Hurry, cry now! Soon Sunday night will come."
And so Bly takes it as his duty to be a crier because maybe we are already at Thursday night, or even beyond, and the witness of his words may help to bring us back from our precipice of foolishness. One other line, summarizing his approach to President George Bush in his 2nd term, is "So much we care for has been carried off." It is almost as if he is reminisicing on Is. 46 where the beasts of burden carry off the idols of Babylon.
Family and Religion
When I lived in KS, people were fond of telling me that I lived in the land of "family values." I was told, in fact, that everyone througout the nation admired Kansans because of their religious and patriotic values, even though I noted that fewer and fewer of my fellow Americans were moving to KS. In any case, Bly speaks with an insight about religion and family that is absent in most modern poetry. When he said, in a poem, that "my mother feared three things: tuberculosis, death, and my father," I knew I was in the mind of a man who cared deeply about and honored family.
And then he told a story about Bill Stafford (as he called him) which I hadn't heard. Oh, first, he told the one that many poets tell and that is no secret--that Stafford's advice to poets who couldn't seem to put pen to paper was simply, "Lower your standards." I have worked on this advice for years, and it is the most liberating advice for a person who would like to learn to write. But here is the other story. Stafford had the custom of writing one poem a day. This explains how he published more than 45 books of poetry while beginning to write poetry only at middle age. Every morning Stafford would rise, sit on the couch and compose a poem from 6:00 - 7:00 a.m. Then, he would eat breakfast, get ready for his work and go to it. But his young daughter, because she loved her dad, wanted to get up and spend time with him in the morning. She began to get up at 6:00 a.m. just to be able to be with him. So, here is what Stafford did. He decided to get up at 5:00 a.m. and write his poem, so that he could have an unobstructed hour to spend with his daughter each day. When Bly told this story, he face broke out in a huge smile and he said, "What a Mensch!" If one had any doubt up to this point that Bly's personal radar is defined by his place in family, those doubts had to have been dispelled.

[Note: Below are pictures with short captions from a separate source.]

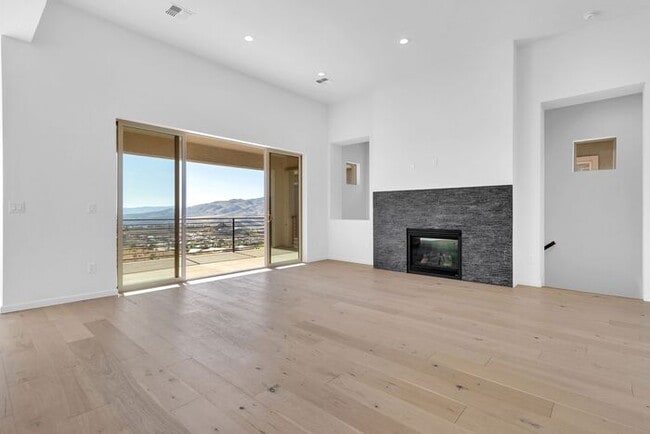 Building Photo - 9154 Wild Skies Wy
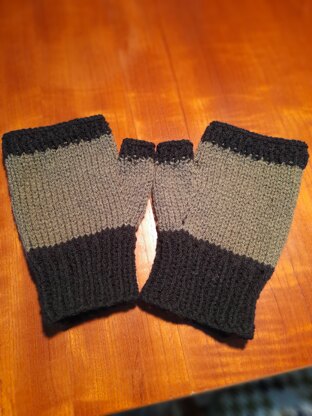 Fingerless gloves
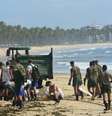 Militares começam a ajudar óleo que atinge várias praias do nordeste brasileiro.  Foto: VEETMANO PREM/FOTOARENA / Estadão Conteúdo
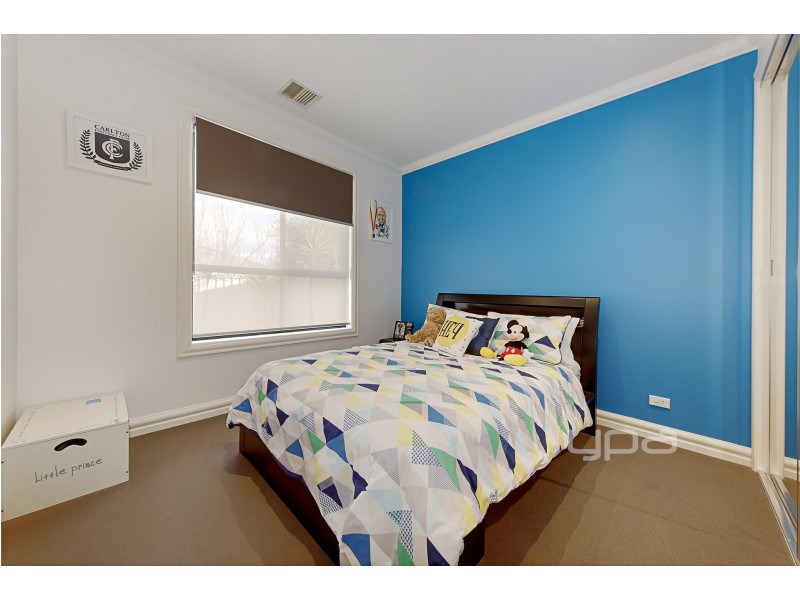 24 Albertine Crescent, Sydenham VIC 3037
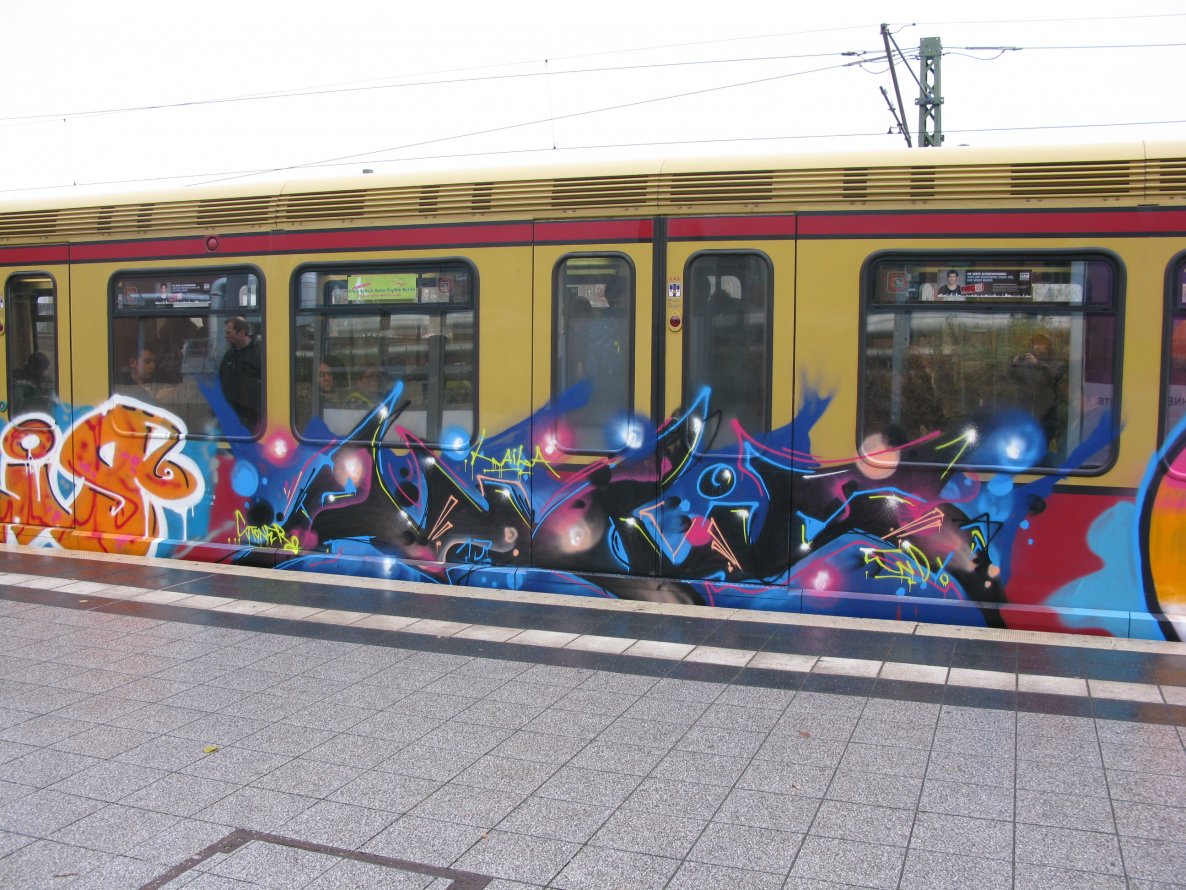 Graffiti Train - Photo by fappowt - angis, end (2013)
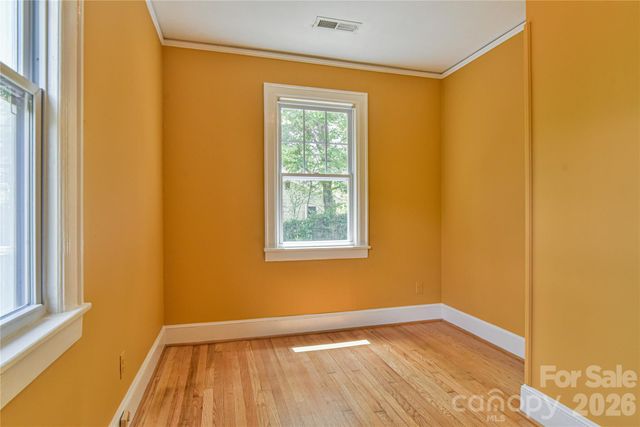 101 E Skyland Circle, Asheville, NC 28804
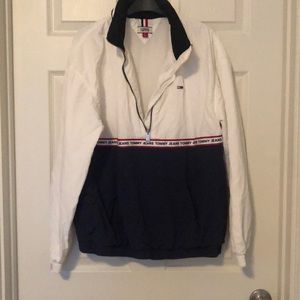 Windbreaker pullover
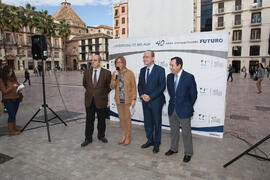Inauguración de la exposición "UMA 40 años compartiendo futuro" en Calle Larios. Octubre de 2012
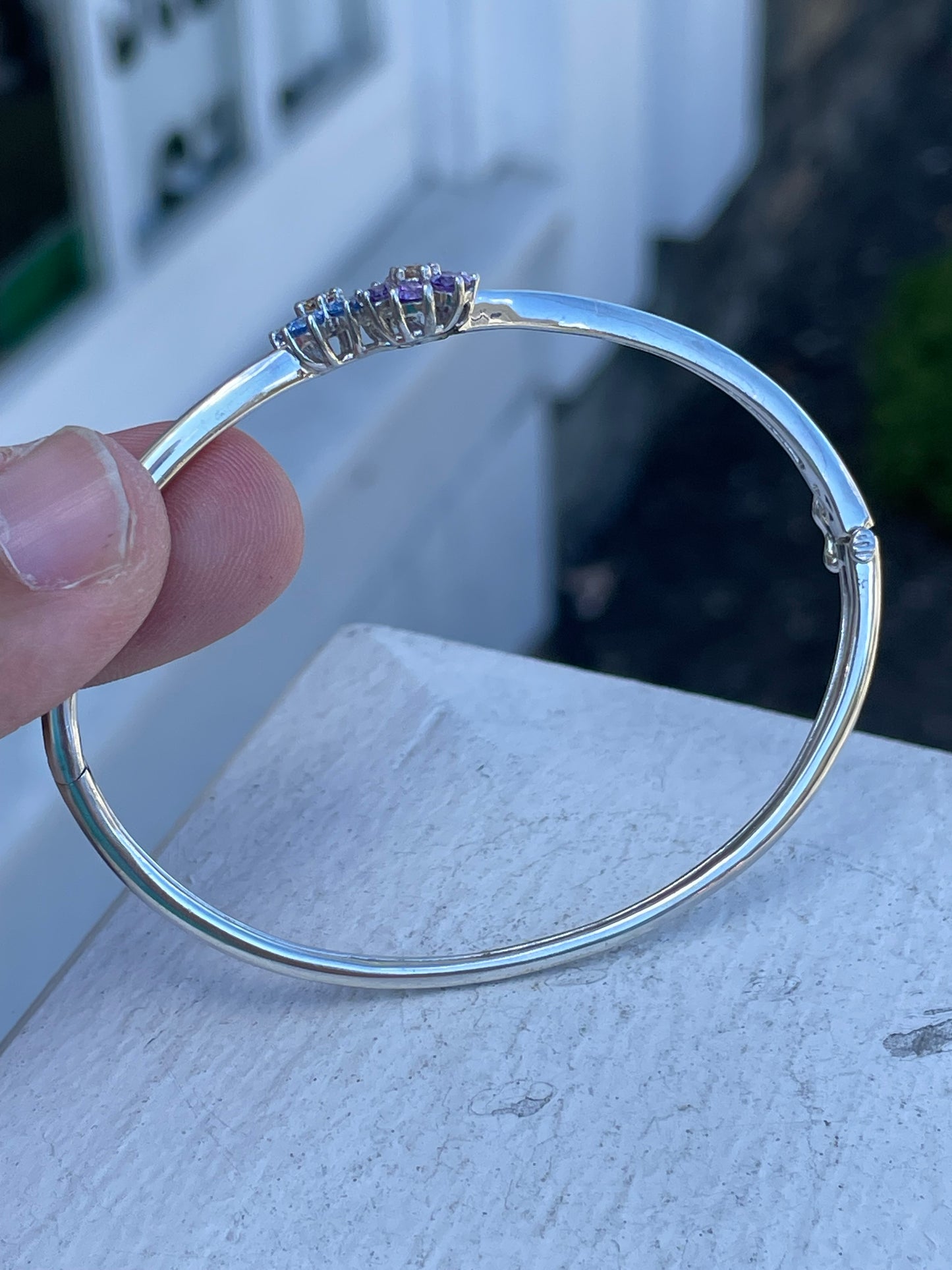 925 Sterling Silver Pretty Triple Colored Cz Flower Bangle Bracelet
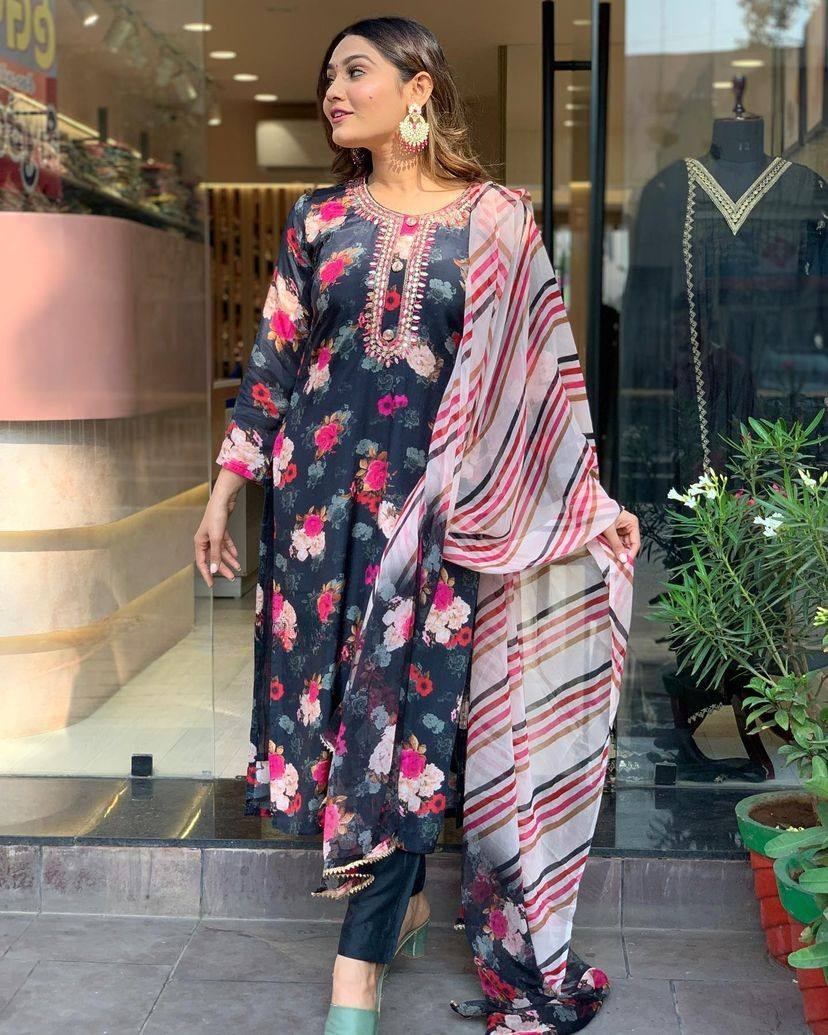 Black Viscose Silk Kurta Pant Set With Embroidery Work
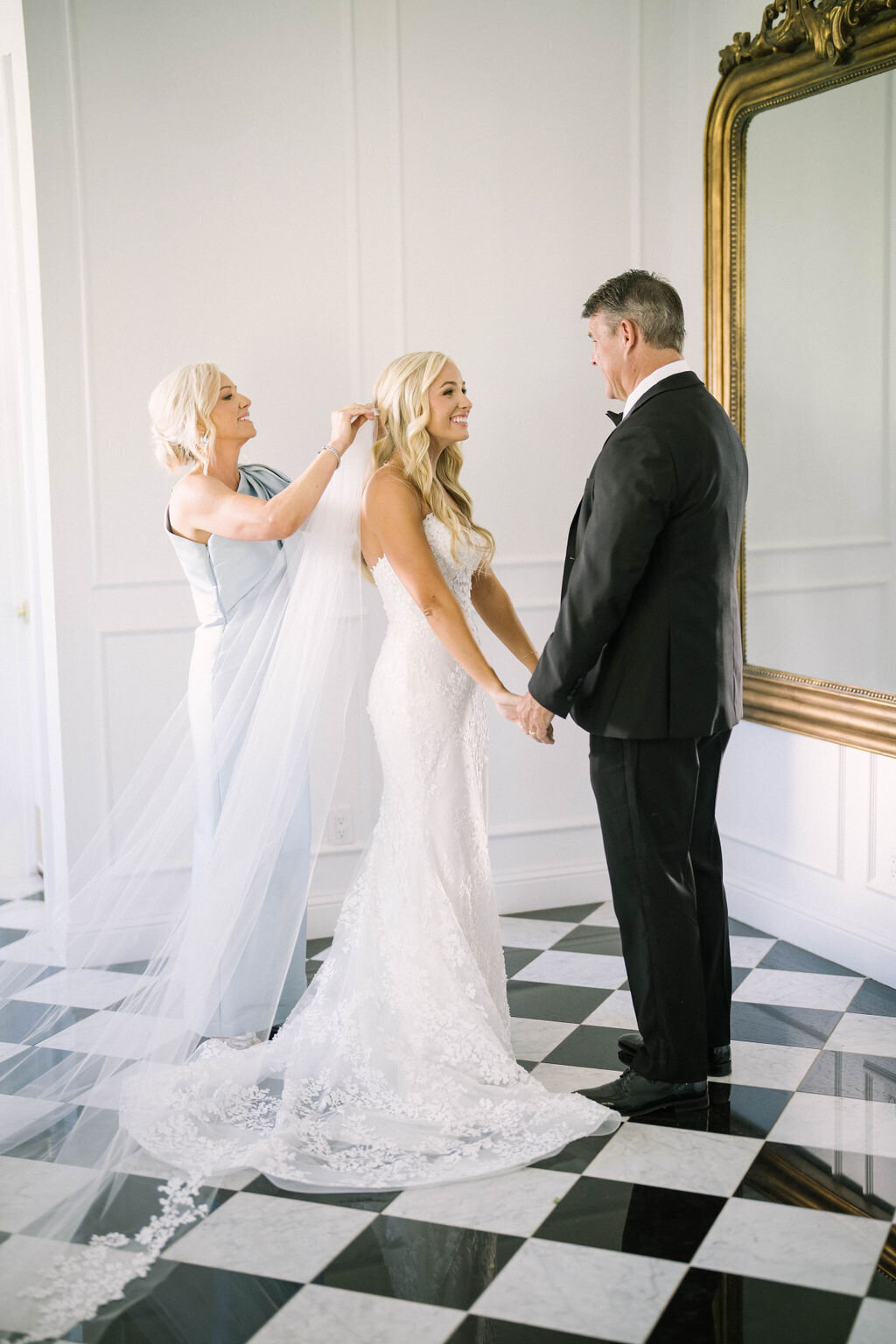 Ellen-Ashton-photography-Dallas-wedding-Photographers-The-Nest-At-Ruth-Farms23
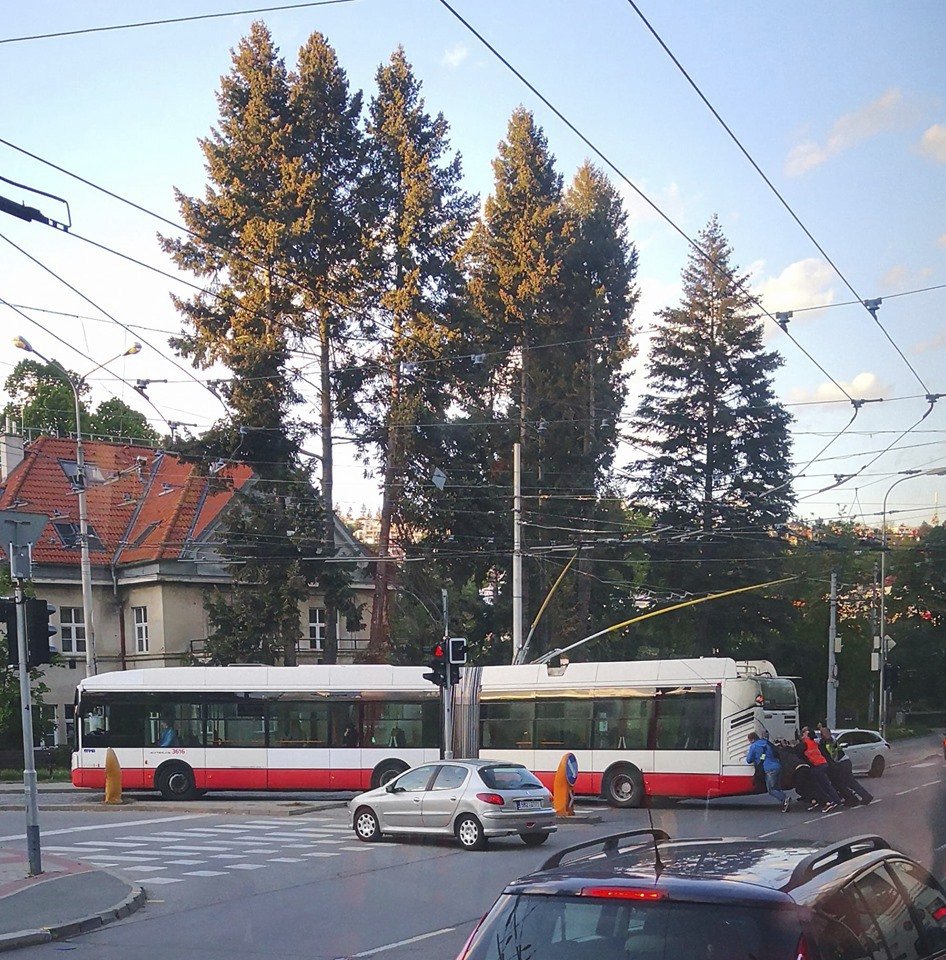 Když v Brně nejede trolejbus, vypomůžou cestující.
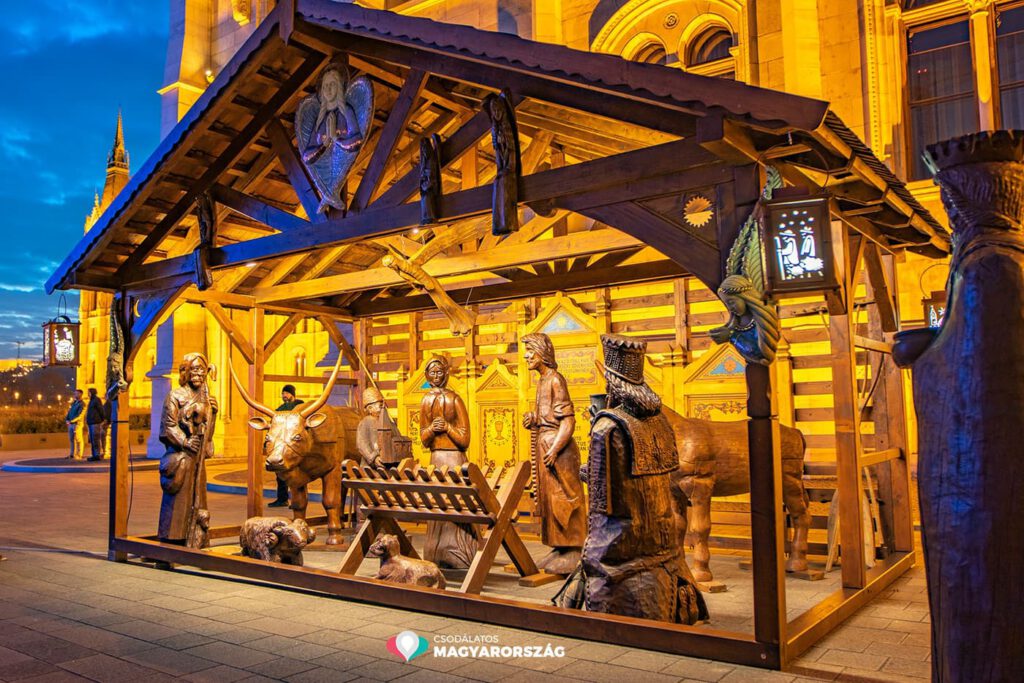 2500 méternyi fényfüzér és 16 ezer LED ragyog az Ország Karácsonyfáján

And then he told sobering poems about family. Death, he read/said, is "like camping trips with kids. You pack up the kids but, no matter how you do it, you always leave something behind."
Conclusion
So much more there was to strike the fancy of any person. He recited many poems to the dulcimer, and we saw afresh how important not only the words are to Bly, but how words are refracted through rhythm. Then, he told us about the ghazal form, with its 36 syllables, with every three-line stanza ending with the same word. He spoke not only of the ghazal but his love of Muslim poetry, his experience translating from the Spanish, the Norwegian. He read us poems about groundwater in KS that longs for the ocean and the longing for existence that each of us has when our realities seem so defined by non-existence. He talked of Taoists who fished all day with straight hooks and then closed with his recent poem "Stealing Sugar from the Castle." The theme of this last poem is the effulgence of joy which bursts out all around us. Being included with others is a joy but, like a bird, we also fly out of a hall, and "Being shut out of the warm hall is also a joy." I will close with two stanzas.
"I am a laggard, a loafer, and an idiot. but I love
To read about those who caught one glimpse
Of the Face, and died twenty years later in joy."
A glimpse that lasts a lifetime. We can imagine it. And then,
"You're a thief! the judge said, 'Let's see
Your hands!' I showed my callused hands in court.
My sentence was a thousand years of joy."
I could imagine that a "sentence" of many evenings with Robert Bly could work out to a lifetime of joy.